___ Available data
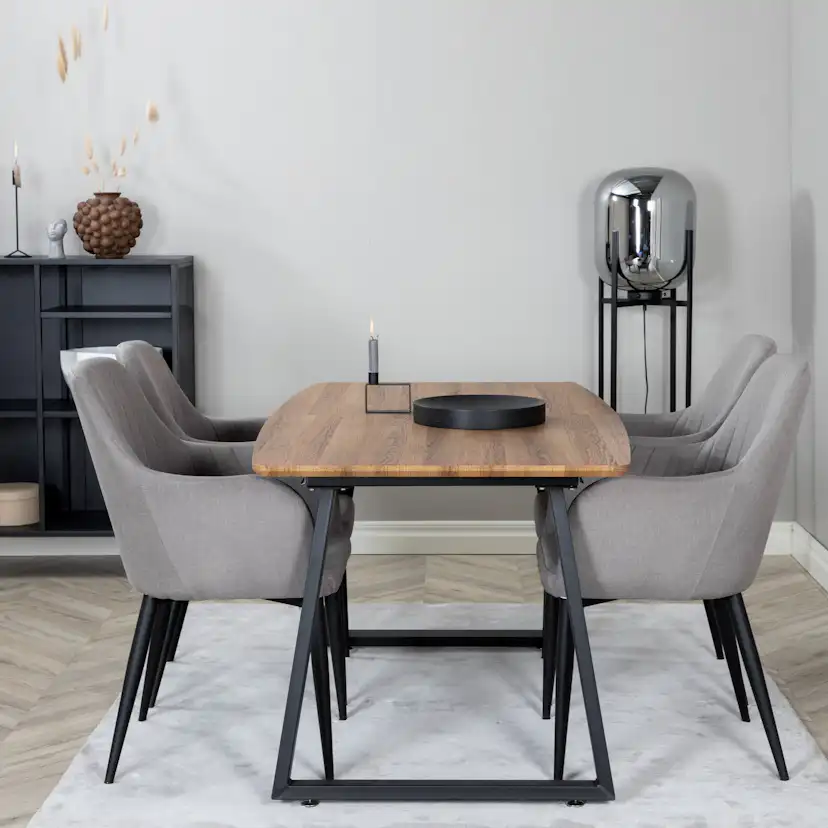 Matgrupp Venture Home Inca med 4st Comfort Stolar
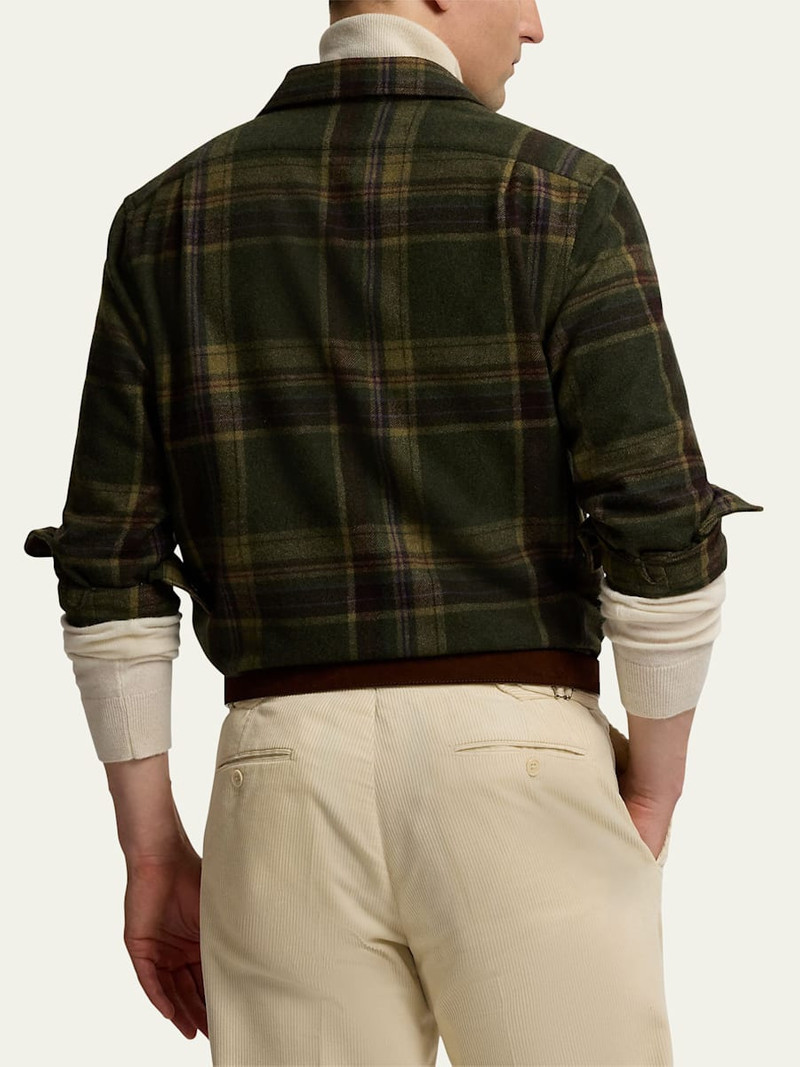 Ralph Lauren Men's Cashmere Plaid Overshirt outlook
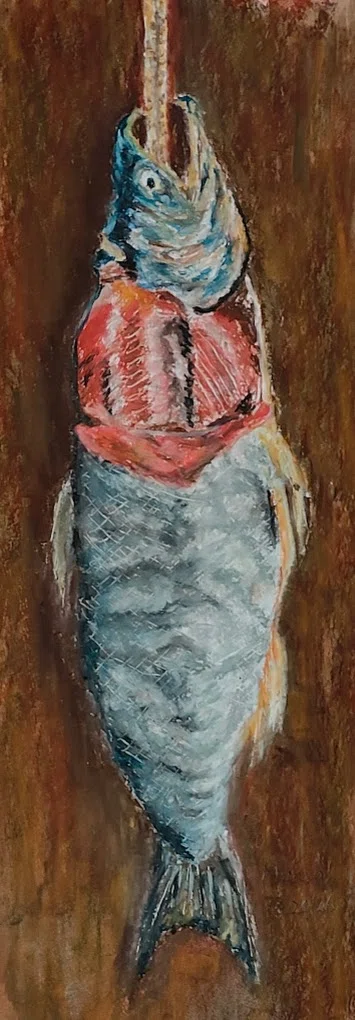 絵画ミニミニミステリー 第157回「高橋由一『鮭』1875年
______
▶ **What you will do**:
Each line of the data above needs to be retyped as it is, without any picture.

▶ **Task result**:
 Matgrupp Venture Home Inca med 4st Comfort Stolar
 Ralph Lauren Men's Cashmere Plaid Overshirt outlook
 絵画ミニミニミステリー 第157回「高橋由一『鮭』1875年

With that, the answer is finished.